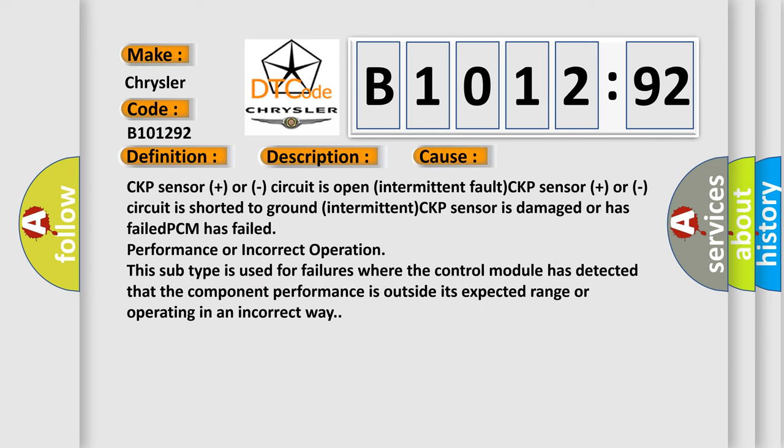This diagnostic error occurs most often in these cases: CKP sensor plus circuit is open (intermittent fault), CKP sensor plus circuit is shorted to ground (intermittent).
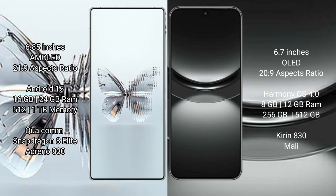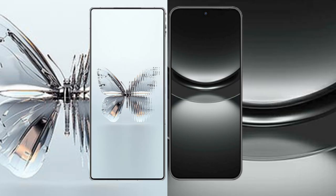Red Magic 10 Pro Plus comes with 16GB or 24GB RAM and 512GB or 1TB internal storage with Qualcomm Snapdragon 8 Elite processor and Adreno 830 GPU. Huawei Nova 12 comes with 8GB or 12GB RAM and 256GB or 512GB internal storage with Kirin 830 processor and Mali GPU.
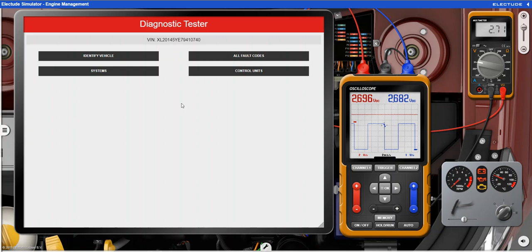I want to share some information about the accelerator pedal sensor on the Electude Simulator. The best place for information is going to be in the diagnostic tester.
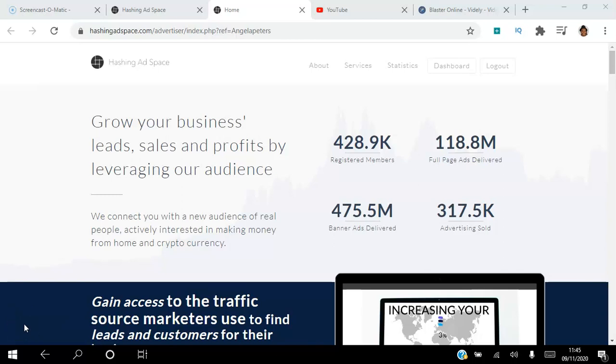Hello there and welcome to this Hashing Adspace tutorial. I'm Angela and in this video I will be showing you how to earn ACME in the Hashing Adspace platform. Be sure to subscribe to my YouTube channel and hit that notification bell so you don't miss out on more training from me.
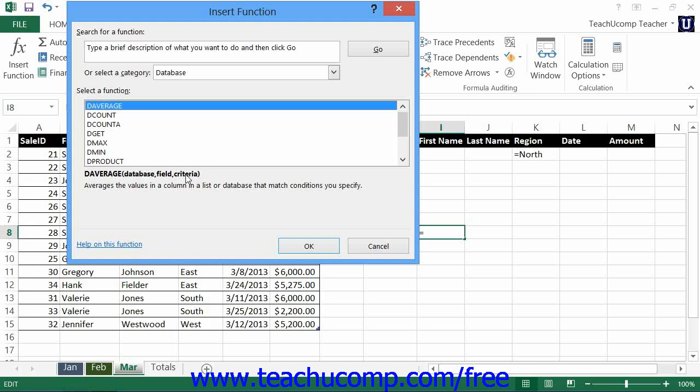The criteria range is exactly the same as the criteria range that you make when creating advanced filters for your table, as we saw in the previous lessons within this chapter.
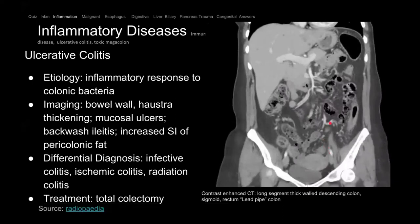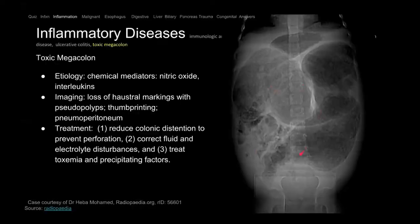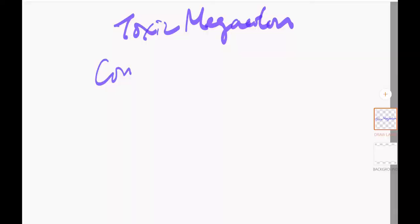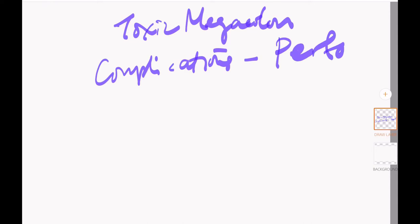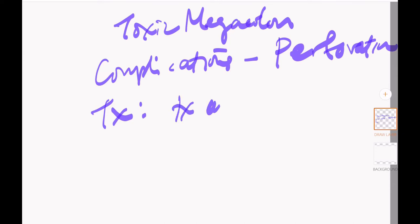On this radiograph, the colon is huge. There are many causes of toxic megacolon, including pseudomembranous colitis and Crohn's. It's critical to treat the underlying cause to prevent perforation.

To do: Leave the images out and output the remaining material exactly as it stands.

Response area:
This diagnostic error occurs most often in these cases: CKP sensor plus circuit is open (intermittent fault), CKP sensor plus circuit is shorted to ground (intermittent).
Red Magic 10 Pro Plus comes with 16GB or 24GB RAM and 512GB or 1TB internal storage with Qualcomm Snapdragon 8 Elite processor and Adreno 830 GPU. Huawei Nova 12 comes with 8GB or 12GB RAM and 256GB or 512GB internal storage with Kirin 830 processor and Mali GPU.
I want to share some information about the accelerator pedal sensor on the Electude Simulator. The best place for information is going to be in the diagnostic tester.
Hello there and welcome to this Hashing Adspace tutorial. I'm Angela and in this video I will be showing you how to earn ACME in the Hashing Adspace platform. Be sure to subscribe to my YouTube channel and hit that notification bell so you don't miss out on more training from me.
The criteria range is exactly the same as the criteria range that you make when creating advanced filters for your table, as we saw in the previous lessons within this chapter.
On this radiograph, the colon is huge. There are many causes of toxic megacolon, including pseudomembranous colitis and Crohn's. It's critical to treat the underlying cause to prevent perforation.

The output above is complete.